Segundo a PF, a cocaína era transportada em pequenos aviões de Santa Cruz de La Sierra, na Bolívia, e arremessada numa região entre os municípios de Porto Murtinho e Bonito (MS). De lá, era carregada pela quadrilha até uma chácara e distribuída posteriormente. Na ação, foram apreendidos 262 quilos de pasta base. A droga estava escondida em um fundo falso de um caminhão e dentro de tonéis enterrados próximo à mata.
Em dezembro passado, O Globo revelou a existência do consórcio de traficantes cariocas e paulistas responsável pelo domínio de 70% das áreas de plantio de maconha em Capitán Bado e Pedro Juan Caballero, cidades na fronteira com o Mato Grosso do Sul. Um negócio milionário que tem à frente o traficante Marcelo da Silva Leandro, o Marcelinho Niterói, que já foi alvo de operações conjuntas na fronteira entre os dois países. Na ocasião, promotores do Grupo de Atuação Especial de Combate ao Crime Organizado (Gaeco) do Mato Grosso do Sul, estimou em US$ 20 milhões (R$ 34 milhões) as cifras movimentadas mensalmente pelo consórcio.

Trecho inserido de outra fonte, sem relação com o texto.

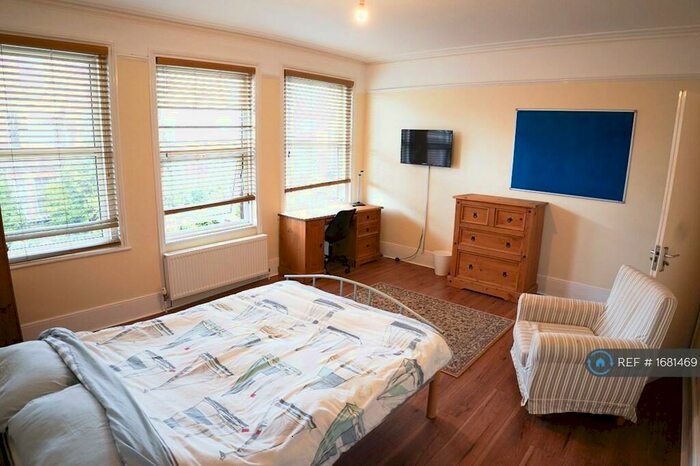 6 Bedroom Semi-Detached House To Rent In Mount Pleasant Road, Exeter, EX4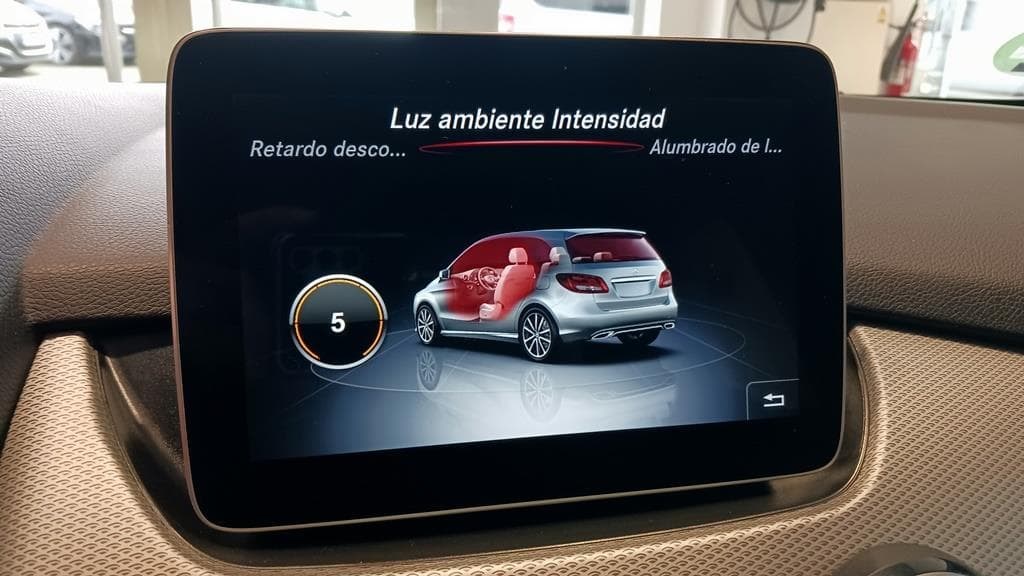 Foto 31 Mercedes B 200 d Urban Aut.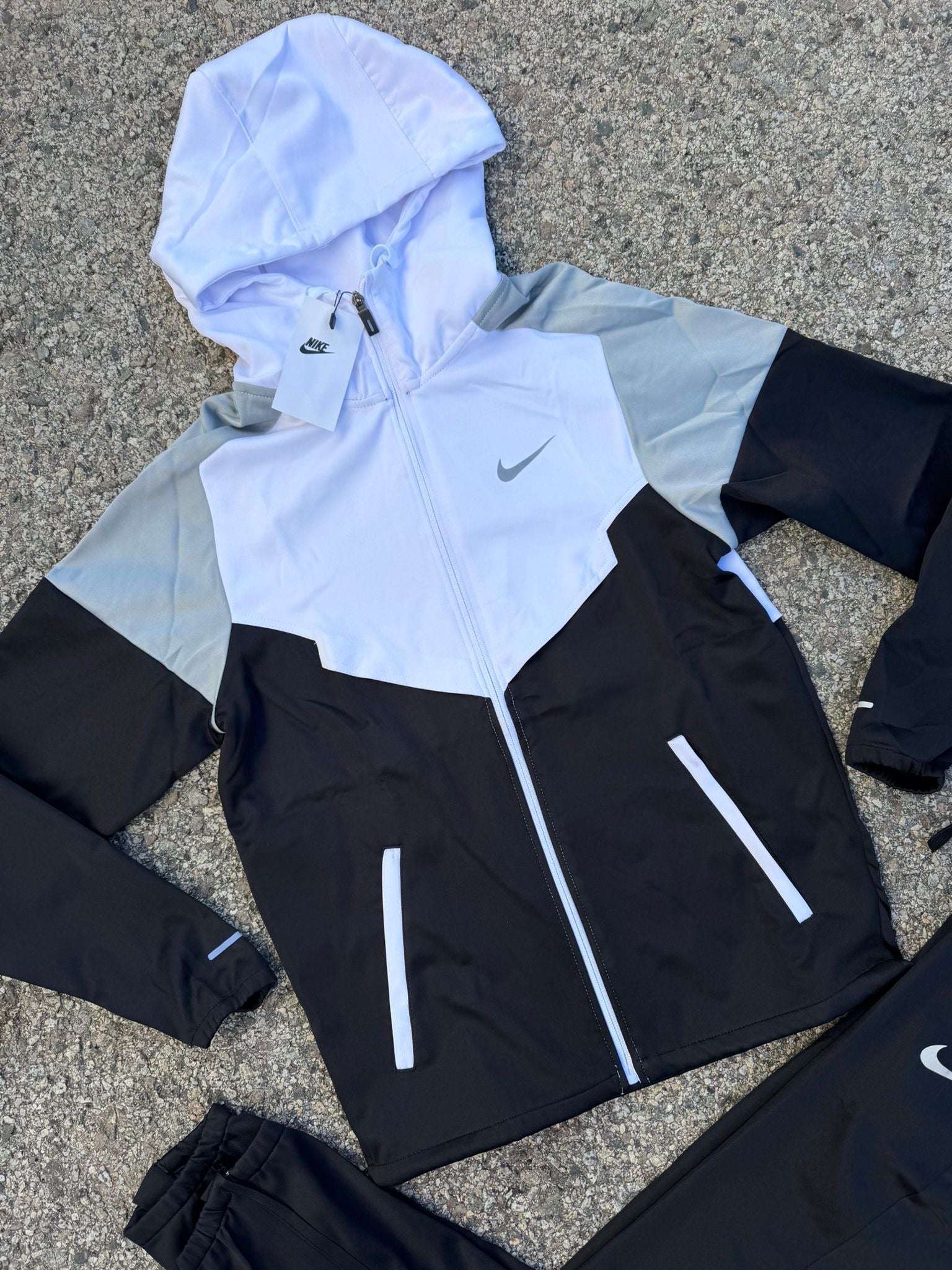 CONJUNTO NIKE MILER 2026 - M4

O traficante Luiz Fernando da Costa, o Fernandinho Beira-Mar, foi um dos primeiros integrantes da facção carioca a estender suas atividades às fronteiras com o Paraguai e Colômbia, onde recebeu proteção de Tomás Medina Caracas, o Negro Acácio, chefe da Frente 16 das Forças Armadas Revolucionárias da Colômbia (Farc), em troca do fornecimento de armas. Antes de buscar refúgio na Colômbia, Beira-Mar se aliou a João Morel, então conhecido como o rei da maconha no Paraguai. O traficante carioca, contudo, passou a controlar as áreas de plantio após determinar os assassinatos de João e de seus dois filhos, Ramon e Mauro, em janeiro de 2001.
Em 21 de abril do mesmo ano, Beira-Mar acabou sendo preso por militares colombianos em Villavicencio, a 110 quilômetros de Bogotá. Transferido para o país, Beira-Mar já passou por 12 prisões, quatro delas consideradas de segurança máxima. As mudanças de carceragem foram precedidas por denúncias de que Beira-Mar, mesmo preso, continuava a articular as atividades de sua quadrilha.